The JACK Audio Connection Kit and its proprietary cousin Rewire are two technologies in existence today which showcase how much potential such an idea has, in the specific realm of audio processing. In a beautiful extension of the UNIX spirit to audio data, instead of having audio enthusiasts deal with huge monolithic audio-processing black boxes with bloated, OS-specific and proprietary plug-in standards, JACK proposed to simply use lots of small, independent audio software together, by routing their audio outputs into each other’s inputs. But the potential of reroutable audio streams as a core system abstraction could actually go even further : imagine for a second routing the output of different applications to different physical sound card outputs has, as an example. On a laptop with both line-out and a headphone jacks, the line-out could be sent to an amplifier and used as a “public” output for stuff which the computer user wants to share around, while the headphones serve as “private” output for stuff which he prefers to keep for himself. As related interesting concept, imagine a scenario in which a computer application could output data on another computer’s speakers without having been explicitly designed for it. Such is the great power of standard data communication channels…
What it could be like
Noise in the lecture hall miraculously toned down as the professor entered the room and put his backpack on the desk. He then grabbed his computer from it, connected the room’s various devices to it, and began to speak.

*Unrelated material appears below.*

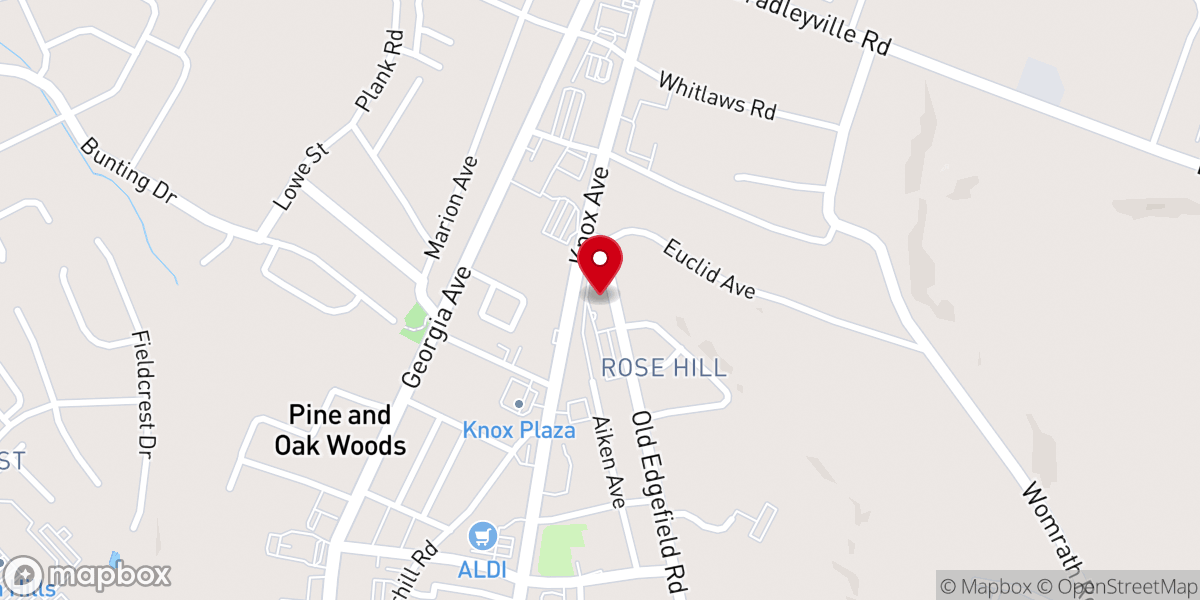 Map showing location of Second Providence Baptist Church
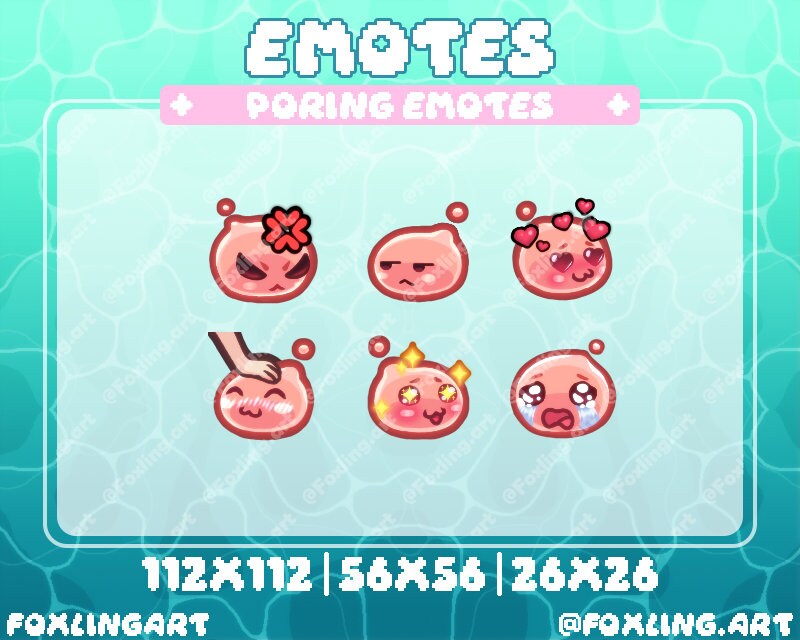 Poring ragnarok Online Emotes Twitch Discord Youtube Etsy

“Good morning everyone, and welcome to the “Programming for Artists” lecture !”, he said. “My name is Ernest Doppler and I am going to show you how computer systems can be used for artistic purposes beyond being a replacement to real-world tools. But first, let me announce you that due to popular demand, live audio and video streams for this course are now freely available from my computer, and that you can freely record them for private use.”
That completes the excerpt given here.